After finding the line that contains "Elegant Leather Belt Set - Black and Brown", give again that line and each one following it, exactly, until the records end.

───── GIVEN ENTRIES

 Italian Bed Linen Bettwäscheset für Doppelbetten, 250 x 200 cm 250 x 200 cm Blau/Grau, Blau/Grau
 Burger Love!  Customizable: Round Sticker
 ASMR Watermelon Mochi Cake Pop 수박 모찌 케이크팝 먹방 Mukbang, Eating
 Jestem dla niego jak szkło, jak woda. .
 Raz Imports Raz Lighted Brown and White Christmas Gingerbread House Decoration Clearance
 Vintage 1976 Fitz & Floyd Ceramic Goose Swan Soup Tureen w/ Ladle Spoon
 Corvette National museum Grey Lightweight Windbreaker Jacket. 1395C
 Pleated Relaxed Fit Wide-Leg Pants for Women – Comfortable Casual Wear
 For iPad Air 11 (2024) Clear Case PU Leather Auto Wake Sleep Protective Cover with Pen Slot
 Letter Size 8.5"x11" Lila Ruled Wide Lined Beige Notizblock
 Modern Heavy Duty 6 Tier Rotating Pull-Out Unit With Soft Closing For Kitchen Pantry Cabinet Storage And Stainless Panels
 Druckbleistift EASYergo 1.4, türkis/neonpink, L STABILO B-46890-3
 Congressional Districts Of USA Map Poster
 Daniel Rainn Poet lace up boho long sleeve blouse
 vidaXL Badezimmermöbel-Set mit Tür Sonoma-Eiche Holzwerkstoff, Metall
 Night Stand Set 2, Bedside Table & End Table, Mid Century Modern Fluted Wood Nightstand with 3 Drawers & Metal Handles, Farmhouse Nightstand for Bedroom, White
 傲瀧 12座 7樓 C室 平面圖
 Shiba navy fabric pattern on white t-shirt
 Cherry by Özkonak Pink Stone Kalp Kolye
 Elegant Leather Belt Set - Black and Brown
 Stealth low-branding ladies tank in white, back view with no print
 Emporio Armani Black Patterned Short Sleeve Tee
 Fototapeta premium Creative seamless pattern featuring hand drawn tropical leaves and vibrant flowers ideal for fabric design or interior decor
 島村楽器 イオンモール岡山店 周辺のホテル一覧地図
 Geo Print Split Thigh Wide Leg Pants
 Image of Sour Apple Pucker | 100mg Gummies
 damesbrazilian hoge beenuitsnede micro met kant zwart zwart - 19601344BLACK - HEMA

──────────

• **EXERCISE RESULT**
 Elegant Leather Belt Set - Black and Brown
 Stealth low-branding ladies tank in white, back view with no print
 Emporio Armani Black Patterned Short Sleeve Tee
 Fototapeta premium Creative seamless pattern featuring hand drawn tropical leaves and vibrant flowers ideal for fabric design or interior decor
 島村楽器 イオンモール岡山店 周辺のホテル一覧地図
 Geo Print Split Thigh Wide Leg Pants
 Image of Sour Apple Pucker | 100mg Gummies
 damesbrazilian hoge beenuitsnede micro met kant zwart zwart - 19601344BLACK - HEMA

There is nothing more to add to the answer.